Basic Concepts and Algorithms of Association Analysis
Association analysis is the process that expects transactions to be in a particular format. The input grid data should be binomial with each column having items and a row as a transaction. Transactions that contain IDs can be tagged or ignored as a special attribute. If a dataset is in another format, it should be to this transactional format. These can be done by the use of the data transformation operators. The output of the conversion fro, numerical to binomial gets connected to the FP- Growth operator which is supposed to generate frequent itemsets(Addi, et al.,2015).
Basic association analysis only deals with the occurrence of items with another. Other analyses may deal with the occurrence of quantity, sequence, and price of the occurrence among others. There are various steps to finding the association rules by use of data mining(Addi, et al.,2015). The first step involves preparing the data into the transactional format since association algorithms require input data to be in a specific format. The second step involves short-listing item sets that occur frequently. Frequently occurring items are limited by the association algorithms. The last step involves generating association rules that are relevant from the item sets therefore the algorithms filter rules based on the interest measure(Yuan, 2017).

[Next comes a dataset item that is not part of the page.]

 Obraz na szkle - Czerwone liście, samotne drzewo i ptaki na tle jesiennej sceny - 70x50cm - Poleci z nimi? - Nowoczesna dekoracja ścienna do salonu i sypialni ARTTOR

Item sets can occur in the consequent or antecedent portion of the rule. The sets should not be jointed. This means that the item sets should not have a common item on both sides. Item sets with more than one item can be tested for the strength between the relationships since there is an increase in the permutations of rules. Association rule strength is quantified by confidence and support measures of the rule. Lift and Conviction measures can also be used. The measures to be used are determined by the occurrence of a particular item set in transactions (Yuan, 2017).

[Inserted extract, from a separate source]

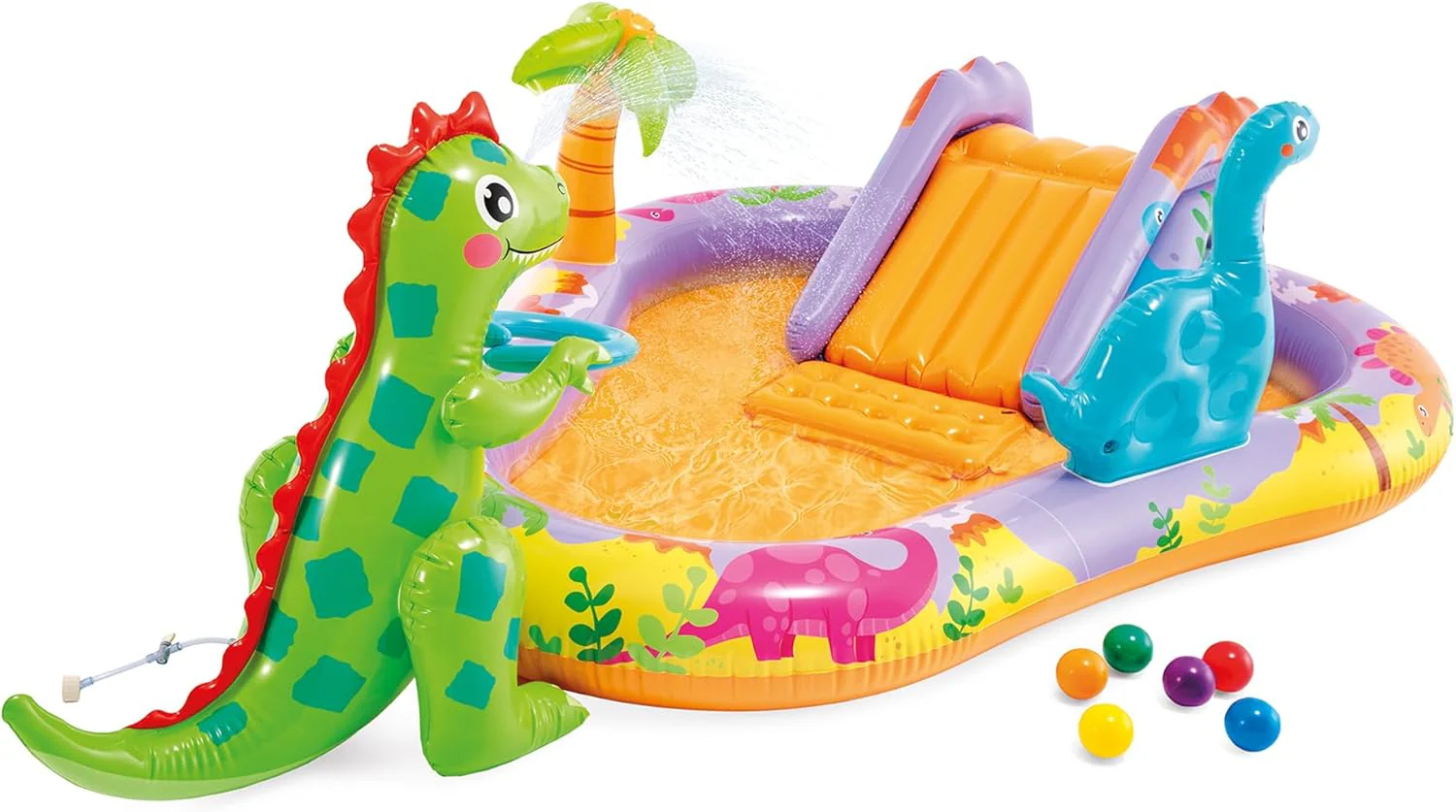 Intex Área de Juego Inflable Jungle Adventure – Piscina con Tobogán y Juegos de Agua para Niños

The support of an item refers to the relative frequency of occurrence in the transaction set. The measure of how items in a rule are represented in transactions is known as the support measure for a rule. The support measure show which items occur mostly hence uncovering the patterns that are worth investigating. The likelihood of occurrence of an item set is measure by the confidence of a rule. The confidence of a rule provides the reliability of the rule(Addi, et al.,2015).
References
Addi, A. M., Tarik, A., & Fatima, G. (2015, May). Comparative survey of association rule mining algorithms based on multiple-criteria decision analysis approach. In 2015 3rd International Conference on Control, Engineering & Information Technology (CEIT) (pp. 1-6). IEEE.
Yuan, X. (2017, March). An improved Apriori algorithm for mining association rules. In AIP conference proceedings (Vol. 1820, No. 1, p. 080005). AIP Publishing LLC.